RISE to the challenge
RISE can contribute in interesting ways to hyperloop development. With a strong history in systems of systems approaches to transportation, RISE has a wealth of relevant expertise. Hyperloop has several technical and system level differences to more traditional transport modes, but RISE is well positioned to extend competencies in this direction. Because hyperloop is a socio-technical system there are both technical and social challenges (as well as consequences) that will need to be evaluated. On the technical side knowledge areas such as AI, machine learning, electromobility, materials, infrastructure, cybersecurity, and smart hardware will be absolutely core to the success of hyperloop. On the social side there are issues within policy, urban planning, HMI, systems analysis, infrastructure management, and sustainable business.

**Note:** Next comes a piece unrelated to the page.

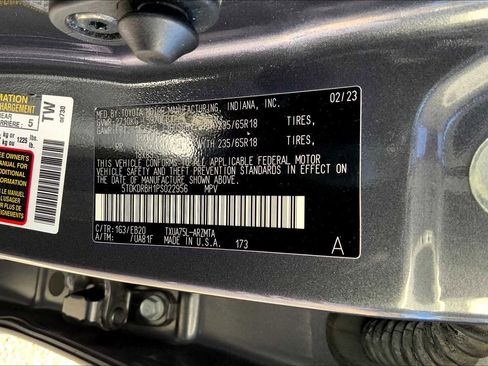 Certified 2023 Toyota Highlander XLE image 28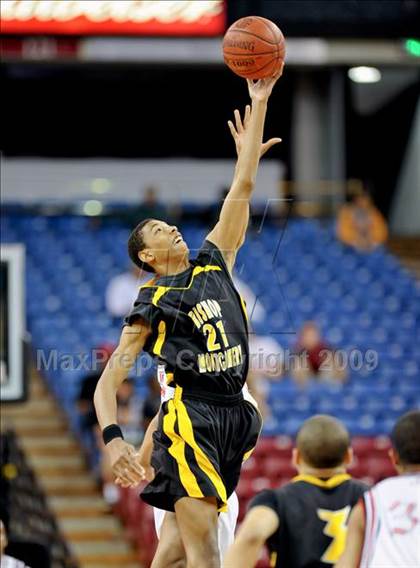 Thumbnail 2 in Bishop Montgomery vs. Salesian (CIF State D4 Final) photogallery.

Through these areas of expertise RISE can contribute directly to the development of this new transportation technology. Furthermore, RISE occupies a uniquely well-suited position in Sweden to support an investigation into hyperloop’s feasibility. As an independent research institute with a strong presence and network across industry, academia, civil society and the government, RISE can bring together the actors necessary for addressing hyperloop at the scale it needs to be addressed at. This could include organizing large-scale projects such as test tracks, running proof of technology competitions, developing risk assessment methodologies, and standardization work.
RISE is already active in many areas of cutting-edge transportation development, such as electric flight systems and autonomous vehicles. Hyperloop should feel right at home here as well.